In its 26th year, the award recognizes “outstanding new faculty who were selected based on their research, experience, and academic leadership.” The award was created to support new faculty in their path to tenure. Recipients are nominated by 3M researchers. In addition to the honor, the award provides Beese $15,000 per year to support her research. The funding will continue until tenure is achieved, up to a maximum of three years.
“I am honored to be selected for the 3M Non-Tenured Faculty Award,” said Beese. “It will help greatly enhance my research program as a young investigator. This award will provide crucial financial support early in my career. With this award, my group and I will be able to address novel research questions in materials science and engineering, which is difficult without independent funding.”
Beese, an assistant professor of materials science and engineering in EMS’ Department of Materials Science and Engineering (MatSE), joined the Penn State faculty in 2013. Her research focuses on determining the relationships between the microstructure in a material and its macroscopic plasticity and fracture behavior, using both experimental investigation and computational modeling. One of her research programs specifically examines the processing-property-mechanical property relationships in additively manufactured metallic components, including titanium, steel, and nickel alloys, as well as functionally graded materials. Another research thrust focuses on uncovering the mechanisms of ductile failure of metals over a wide range of stress states toward the development of predictive computational fracture models.
Beese earned a bachelor of science in mechanical engineering and a minor in engineering mechanics from Penn State in 2005. After graduating, she spent a year working at Lockheed Martin’s Knolls Atomic Power Laboratory in upstate New York. Beese earned her master of science in 2008 and her doctorate in 2011, both in mechanical engineering with a minor in biomechanics from MIT. At MIT, she performed research in Professor Tomasz Wierzbicki’s Impact and Crashworthiness Laboratory, studying deformation induced phase transformation in austenitic steels and was awarded a three-year Department of Defense National Defense Science and Engineering Graduate Fellowship. Before joining Penn State’s faculty, she was a postdoctoral fellow in Professor Horacio Espinosa’s Micro and Nanomechanics Laboratory at Northwestern University.
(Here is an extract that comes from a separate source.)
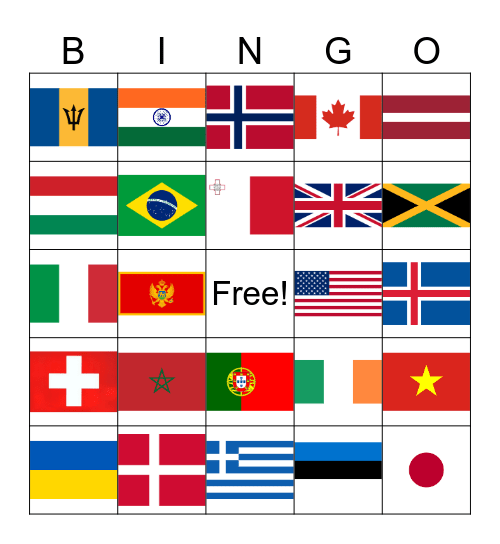 Country Flag BINGO! Level 1 Bingo Card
Beese has been the recipient of numerous other young faculty awards. She received the Ralph E. Powe Junior Faculty Award in 2015 from the Oak Ridge Associated Universities (ORAU). ORAU’s competitive research grants are awarded to junior faculty to enrich the research and professional growth of young faculty. She also received a 2015 Young Leader Professional Development Award from the Minerals, Metals and Materials Society (TMS). TMS awards recognize early-career individuals, under the age of 40, for their potential as future leaders within TMS and the materials and engineering community it serves.
Additionally, she was awarded the Norris B. McFarlane Faculty Career Development Professorship. The professorship is part of a $1 million commitment from the estate of Cathleen McFarlane-Ross, longtime friend of Penn State. McFarlane-Ross's gift honors her late husband, industrialist Norris “Mac” McFarlane, who graduated from Penn State in 1934 with a bachelor of science degree in metallurgy.